Origami is an art form in its own right which has always drawn a great many enthusiasts. It is an ancient technique, still widespread today, based on folding paper to obtain forms and objects that may even be extremely complicated.
According to many experts, the history of origami began at the same time as the invention of paper, in China around the year 105 AD, because this material had the advantage of being easy to fold, without tearing, and keeping its fold, whereas this art began to spread in Japan from around 610 AD.
Origami was made exclusively with techniques of folding paper, which was never cut or glued in any way. For this reason the paper used for origami comes in square formats, with sides varying in size from 12 to 20 centimetres, because only the square shape allows the folds to match perfectly.
To make perfect origami it is important to use smooth paper that is light and resistant, does not crumple easily and is not too fragile. For beginners, for example, wrapping paper, photocopy paper or even ordinary exercise book paper will be perfect. As they gain more experience, they can start to use finer and more sophisticated materials, such as paper with a silky finish or transparent paper.

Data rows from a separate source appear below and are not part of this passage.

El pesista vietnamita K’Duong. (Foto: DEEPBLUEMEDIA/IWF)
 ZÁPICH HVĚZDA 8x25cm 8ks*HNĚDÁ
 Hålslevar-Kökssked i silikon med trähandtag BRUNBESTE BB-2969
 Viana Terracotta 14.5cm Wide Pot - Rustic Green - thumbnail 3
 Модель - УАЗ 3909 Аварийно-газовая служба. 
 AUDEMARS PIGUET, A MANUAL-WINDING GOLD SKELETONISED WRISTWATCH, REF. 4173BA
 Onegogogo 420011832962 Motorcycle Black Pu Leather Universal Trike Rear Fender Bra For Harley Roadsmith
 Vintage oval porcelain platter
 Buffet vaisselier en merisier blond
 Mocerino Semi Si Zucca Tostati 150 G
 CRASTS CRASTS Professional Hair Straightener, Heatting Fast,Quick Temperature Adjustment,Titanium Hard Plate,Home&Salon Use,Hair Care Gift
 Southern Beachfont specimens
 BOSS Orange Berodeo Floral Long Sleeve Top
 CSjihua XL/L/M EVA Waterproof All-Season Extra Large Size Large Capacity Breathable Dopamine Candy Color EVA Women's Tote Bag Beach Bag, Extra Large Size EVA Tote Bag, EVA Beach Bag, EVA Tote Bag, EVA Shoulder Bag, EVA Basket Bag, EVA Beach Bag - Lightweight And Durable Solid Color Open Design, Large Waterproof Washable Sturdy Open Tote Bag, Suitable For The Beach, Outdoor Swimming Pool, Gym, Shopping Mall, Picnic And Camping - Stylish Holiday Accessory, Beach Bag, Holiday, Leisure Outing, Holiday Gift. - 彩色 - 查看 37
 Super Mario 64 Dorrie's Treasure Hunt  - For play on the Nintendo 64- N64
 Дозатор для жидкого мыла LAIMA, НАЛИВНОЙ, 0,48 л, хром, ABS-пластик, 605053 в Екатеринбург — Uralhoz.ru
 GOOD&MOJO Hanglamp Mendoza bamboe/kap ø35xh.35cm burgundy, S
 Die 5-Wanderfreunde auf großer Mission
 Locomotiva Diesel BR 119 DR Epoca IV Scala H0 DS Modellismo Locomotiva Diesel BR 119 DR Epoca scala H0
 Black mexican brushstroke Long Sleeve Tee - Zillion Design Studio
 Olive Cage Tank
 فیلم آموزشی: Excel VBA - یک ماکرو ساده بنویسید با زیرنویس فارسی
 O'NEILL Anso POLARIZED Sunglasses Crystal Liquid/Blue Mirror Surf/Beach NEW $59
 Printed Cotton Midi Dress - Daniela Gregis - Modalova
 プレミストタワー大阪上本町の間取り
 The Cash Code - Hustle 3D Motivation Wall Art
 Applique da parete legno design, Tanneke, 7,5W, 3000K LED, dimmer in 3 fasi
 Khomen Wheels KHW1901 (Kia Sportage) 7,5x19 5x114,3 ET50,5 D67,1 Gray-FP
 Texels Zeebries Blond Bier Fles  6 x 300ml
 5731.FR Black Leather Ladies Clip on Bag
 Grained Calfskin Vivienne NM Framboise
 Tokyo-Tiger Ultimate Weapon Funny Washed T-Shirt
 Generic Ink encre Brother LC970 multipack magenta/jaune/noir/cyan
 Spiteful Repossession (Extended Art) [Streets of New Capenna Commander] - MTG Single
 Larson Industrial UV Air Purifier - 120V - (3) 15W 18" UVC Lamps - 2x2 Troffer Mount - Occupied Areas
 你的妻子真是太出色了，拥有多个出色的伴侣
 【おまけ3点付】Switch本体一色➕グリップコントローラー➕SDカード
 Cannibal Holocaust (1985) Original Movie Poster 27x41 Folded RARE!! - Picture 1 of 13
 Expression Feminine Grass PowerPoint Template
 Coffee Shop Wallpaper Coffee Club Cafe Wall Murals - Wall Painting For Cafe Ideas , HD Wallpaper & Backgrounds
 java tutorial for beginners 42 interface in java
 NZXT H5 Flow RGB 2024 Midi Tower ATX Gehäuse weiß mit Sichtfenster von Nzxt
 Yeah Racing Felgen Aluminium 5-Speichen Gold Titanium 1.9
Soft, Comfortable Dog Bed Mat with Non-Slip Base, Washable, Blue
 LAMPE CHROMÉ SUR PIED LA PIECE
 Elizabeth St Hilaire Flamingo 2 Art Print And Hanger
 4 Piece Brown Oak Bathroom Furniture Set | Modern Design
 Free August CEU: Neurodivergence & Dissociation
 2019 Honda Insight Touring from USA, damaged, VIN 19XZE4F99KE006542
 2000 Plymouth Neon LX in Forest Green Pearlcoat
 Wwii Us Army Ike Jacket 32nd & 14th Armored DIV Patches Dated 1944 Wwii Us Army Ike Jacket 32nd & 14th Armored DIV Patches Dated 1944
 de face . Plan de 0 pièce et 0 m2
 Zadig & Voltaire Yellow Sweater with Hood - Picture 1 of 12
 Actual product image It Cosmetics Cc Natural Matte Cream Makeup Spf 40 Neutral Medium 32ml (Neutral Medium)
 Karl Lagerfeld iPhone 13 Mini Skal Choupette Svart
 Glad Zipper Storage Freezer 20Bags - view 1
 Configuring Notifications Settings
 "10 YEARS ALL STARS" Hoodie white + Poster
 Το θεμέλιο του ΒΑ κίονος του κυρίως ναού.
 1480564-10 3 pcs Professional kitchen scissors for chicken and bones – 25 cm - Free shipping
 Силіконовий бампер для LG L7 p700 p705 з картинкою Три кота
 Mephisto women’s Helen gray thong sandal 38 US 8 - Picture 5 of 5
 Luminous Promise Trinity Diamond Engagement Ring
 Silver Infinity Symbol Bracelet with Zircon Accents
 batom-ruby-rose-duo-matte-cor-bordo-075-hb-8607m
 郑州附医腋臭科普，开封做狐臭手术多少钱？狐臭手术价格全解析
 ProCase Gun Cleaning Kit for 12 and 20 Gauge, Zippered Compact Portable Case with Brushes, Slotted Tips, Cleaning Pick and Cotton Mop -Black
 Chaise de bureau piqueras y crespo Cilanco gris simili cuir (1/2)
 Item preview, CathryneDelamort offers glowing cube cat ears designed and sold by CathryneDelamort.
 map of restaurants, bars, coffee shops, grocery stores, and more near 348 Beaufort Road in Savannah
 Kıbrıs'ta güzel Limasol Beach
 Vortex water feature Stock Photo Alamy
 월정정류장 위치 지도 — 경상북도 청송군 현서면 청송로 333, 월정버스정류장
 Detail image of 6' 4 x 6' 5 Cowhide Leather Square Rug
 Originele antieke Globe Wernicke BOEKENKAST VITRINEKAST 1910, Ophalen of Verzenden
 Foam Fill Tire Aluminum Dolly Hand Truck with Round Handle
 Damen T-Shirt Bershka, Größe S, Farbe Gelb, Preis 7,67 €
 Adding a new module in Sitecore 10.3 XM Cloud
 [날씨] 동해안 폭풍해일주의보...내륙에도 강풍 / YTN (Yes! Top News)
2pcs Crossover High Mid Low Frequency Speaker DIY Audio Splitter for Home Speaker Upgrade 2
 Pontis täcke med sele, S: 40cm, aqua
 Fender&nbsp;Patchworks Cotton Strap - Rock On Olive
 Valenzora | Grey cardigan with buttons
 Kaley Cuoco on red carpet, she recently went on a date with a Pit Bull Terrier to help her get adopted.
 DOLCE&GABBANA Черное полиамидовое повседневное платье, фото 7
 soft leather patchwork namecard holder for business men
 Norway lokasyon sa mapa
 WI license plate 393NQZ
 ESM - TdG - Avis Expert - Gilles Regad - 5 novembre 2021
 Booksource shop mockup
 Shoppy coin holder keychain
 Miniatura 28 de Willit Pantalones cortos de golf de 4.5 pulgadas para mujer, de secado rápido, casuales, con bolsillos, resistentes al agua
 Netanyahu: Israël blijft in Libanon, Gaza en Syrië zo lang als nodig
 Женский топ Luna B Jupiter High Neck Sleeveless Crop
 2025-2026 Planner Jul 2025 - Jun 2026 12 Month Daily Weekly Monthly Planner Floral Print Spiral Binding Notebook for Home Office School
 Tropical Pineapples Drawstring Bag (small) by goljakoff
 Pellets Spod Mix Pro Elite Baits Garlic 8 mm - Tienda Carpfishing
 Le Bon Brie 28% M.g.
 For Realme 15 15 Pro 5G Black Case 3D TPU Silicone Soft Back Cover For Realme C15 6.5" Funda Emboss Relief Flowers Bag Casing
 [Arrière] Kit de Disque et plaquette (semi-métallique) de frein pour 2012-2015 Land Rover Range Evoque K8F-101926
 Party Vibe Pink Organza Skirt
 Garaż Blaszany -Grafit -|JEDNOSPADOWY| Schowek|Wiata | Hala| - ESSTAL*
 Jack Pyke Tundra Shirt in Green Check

Most of the origami enthusiasts in Italy are members of Centro Diffusione Origami cwhich, since 1978, has spread the knowledge and practice of this art, seeing it as a highly effective educational tool for developing an aesthetic sense, precision and manual skill. Among these keen origami artists, the particularly distinguished Paola Baggio has discovered the merits of Cartapaglia Arbos for her surprising creations. Among the best known are some models of Japanese boxes made only by folding, that is without using scissors or glue.